Here, moral norms emerge from group dynamics, informal social contracts, and shared cultural narratives. It is more stable than individual morality, but still limited by groupthink, tribalism, or exclusionary traditions.
3. Authoritative Morality (Authoritative Morality)
This layer institutionalizes morality through laws, religious rulings, or professional codes. It commands obedience via formal legitimacy and organizational power. While it provides coherence, it is also prone to bureaucratic ossification, legalistic minimalism, or even moral hypocrisy.
4. Hegemonic Morality (Hegemonic Morality)

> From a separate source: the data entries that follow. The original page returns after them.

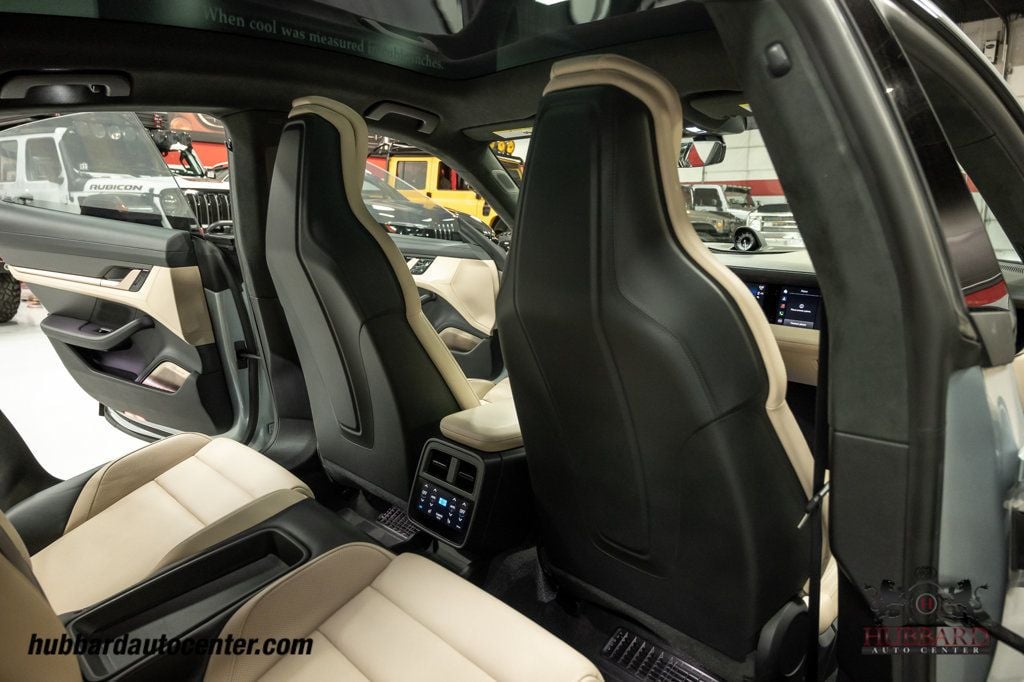 2020 Porsche Taycan Turbo S  - 23031226 - 29
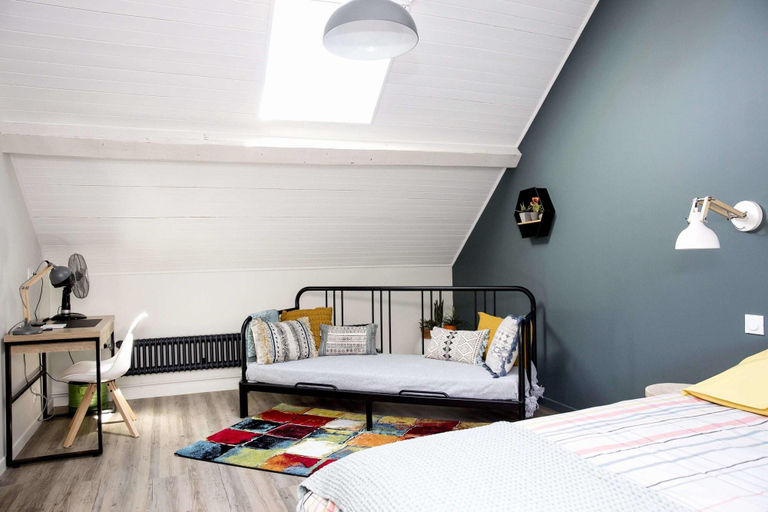 Room 3, Une Odeur De Tilleul, Loire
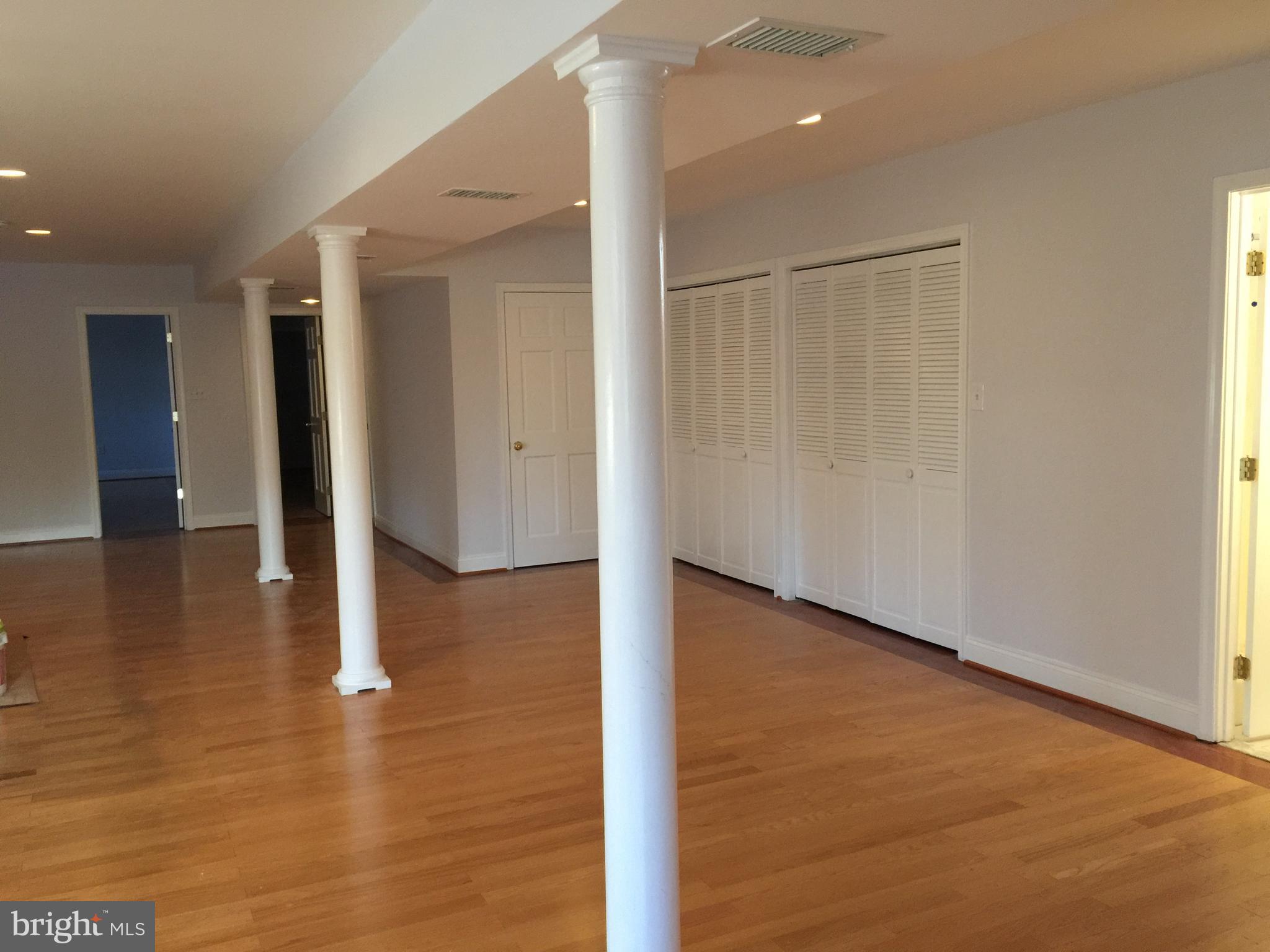 DUNN LORING GARDENS - Residential Lease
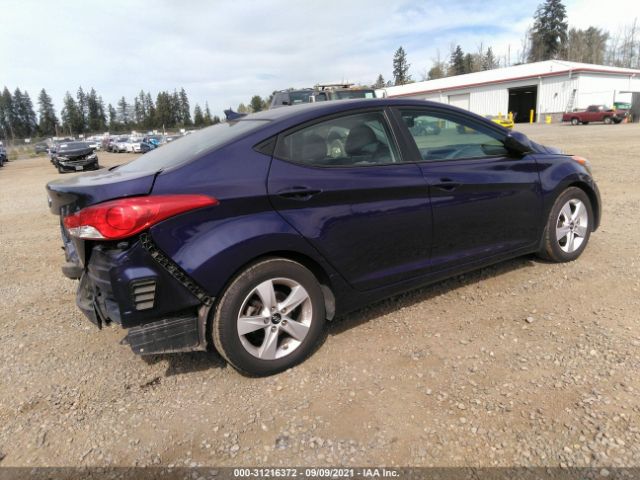 Photo 3 VIN: 5NPDH4AE5DH429543 - HYUNDAI ELANTRA 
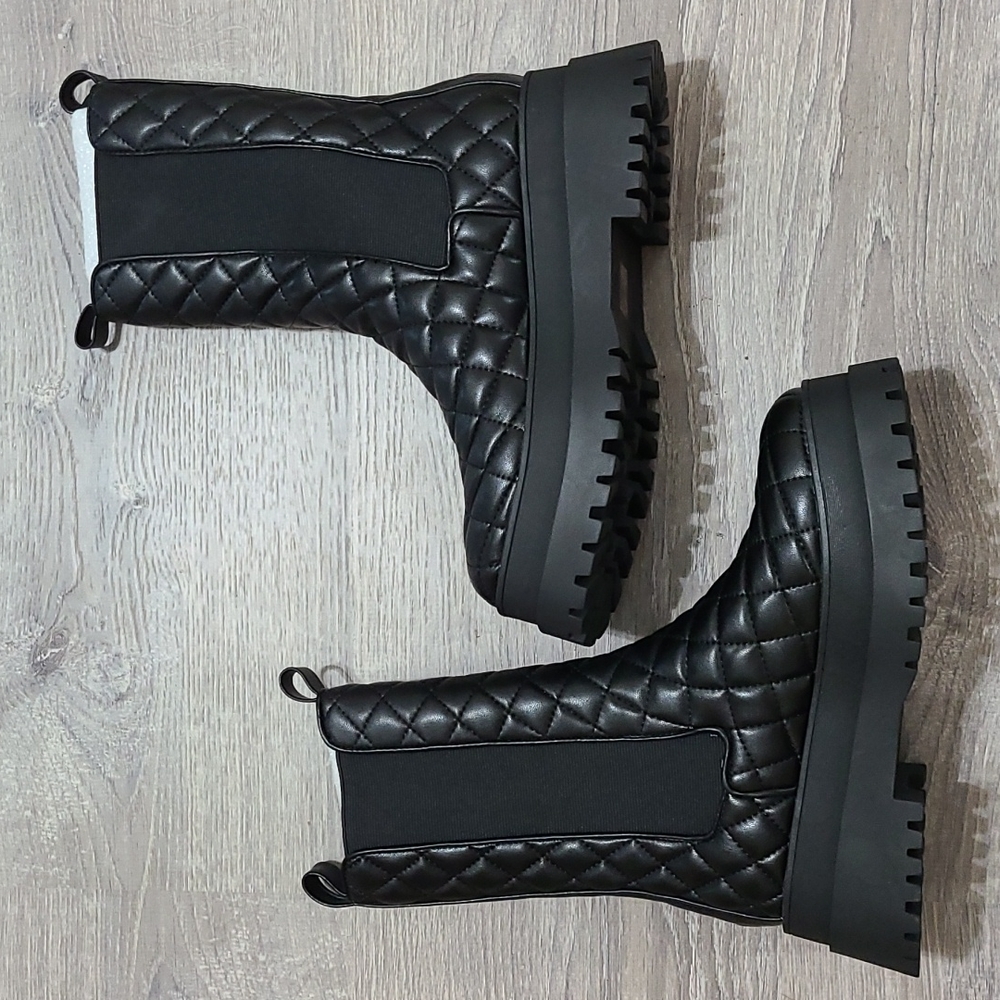 NWB Asos quilted boots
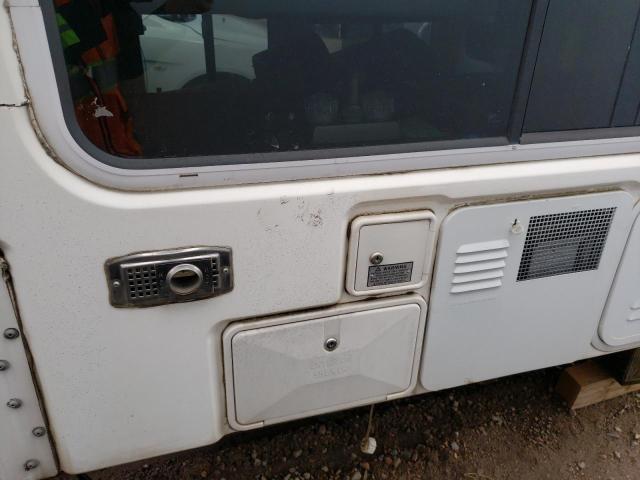 0961096MX - 2009 HALL CAMPER WHITE photo 8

At this level, morality is shaped by dominant ideologies, such as nationalism, neoliberalism, or religious orthodoxy, which impose "common sense" values through education, media, and state apparatuses. It is deeply powerful yet often invisible, naturalizing power relations and co-opting dissent.
5. Transcendent Morality (Transcendent Morality)
This final and most elusive layer is oriented beyond social consensus or institutional structures. It reflects universal ethical intuitions, spiritual insight, or revelatory guidance---often perceived as absolute, yet resistant to codification. It challenges all other levels, especially when systems of power become corrupted or cynical.
3.3 Interactions, Conflicts, and Fluidity
Unlike models that imply moral progression (e.g., Kohlberg) or ideal consensus (e.g., Habermas), Setiawan's hierarchy allows for dynamic interaction and conflict between layers. A person may act out of transcendent morality against hegemonic norms (e.g., civil disobedience inspired by spiritual convictions), or an authoritarian regime may enforce authoritative morality while suppressing individual conscience.
This stratified yet fluid structure reflects a nonlinear moral ecology, where agents must navigate tensions among competing moral demands, often without a single unambiguous guideline. It reintroduces contextuality, power-awareness, and moral ambiguity into ethical reasoning, while still preserving the possibility of principled resistance and authentic virtue.